Bird sat beside him on the bed. “Qlippoth changed me. There, amid the nightmares of the Cynocephalus, I glimpsed what that poor creature is afraid of. Together, the denizens of Qlippoth are like a fractured mirror, revealing the face of the Demiurgos. Seeing this for myself, I was repelled. Repelled, and ashamed of what we are; what I was.

I had seen beyond the shadows on the walls of Gehenna, and upon my return, I no longer fit in. I tried. I tried, because I had nowhere else to go, but when I saw you, rejected for being different, I felt… I felt only kinship and the need to get away.

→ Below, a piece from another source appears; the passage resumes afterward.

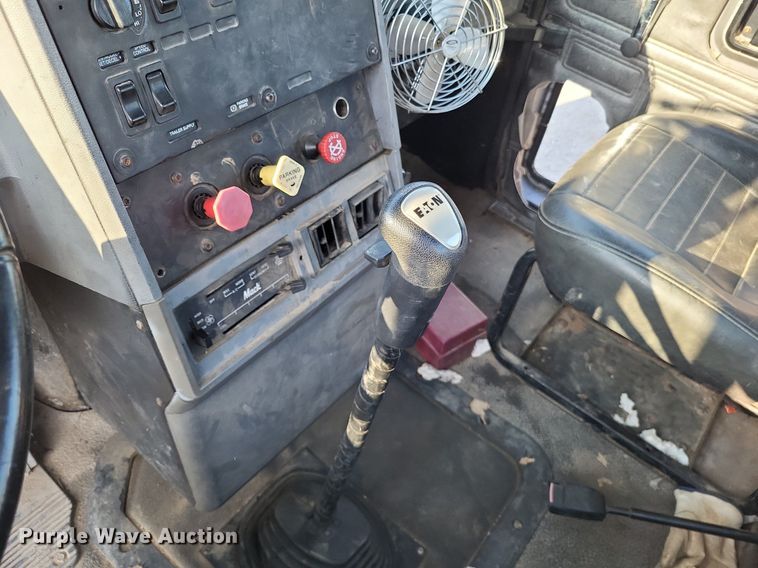 image for item LS9779 1993 Mack CH613 semi truck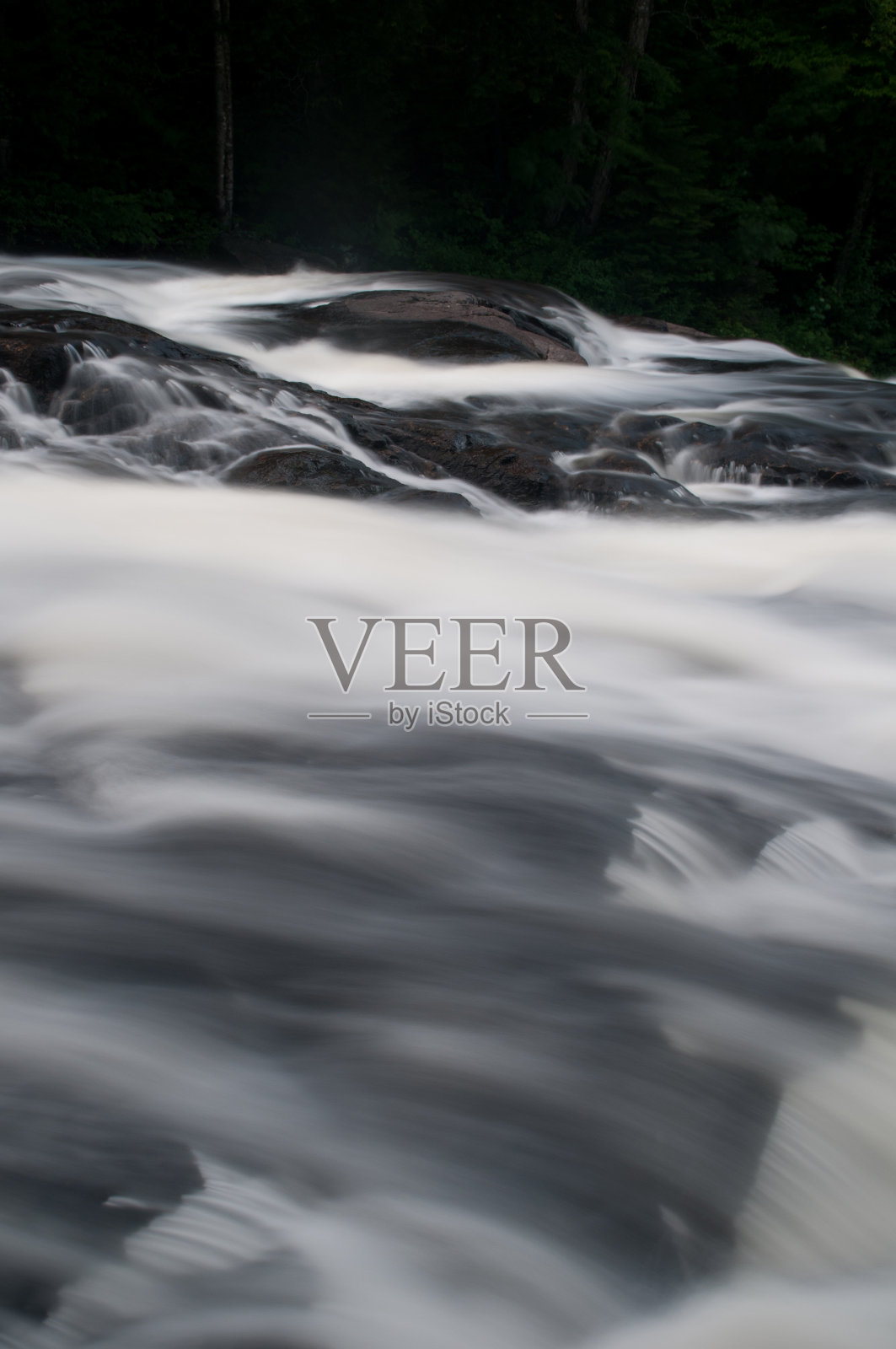 飘逸的白脱牛奶落照片摄影图片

I knew there were dissenters among the homunculi. Knew and never approved, until that moment. I took you to them, to Mephesch and Abednago and the others, and they arranged for your escape.”

“So, you gave up your people for me?” Shadrak said. “I don’t get it.”

“Where’s the profit, do you mean? Where’s the gain?”

Shadrak shrugged. That was the world he moved in. No one did nothing for nothing.

“I glimpsed a truth among the horrors of Qlippoth. When you stare deception in the face like that, it gives perspective; gives form to that which is other than you have known. The Demiurgos lives to disperse, to sow discord, disharmony; yet in having that clearly before me, I glimpsed another way, another power in the cosmos.”

“The Archon?”

Bird laughed at that. “No, not him. Not even Eingana, though they both mean well. There is something more, though, something beyond even the Aeonic Triad.”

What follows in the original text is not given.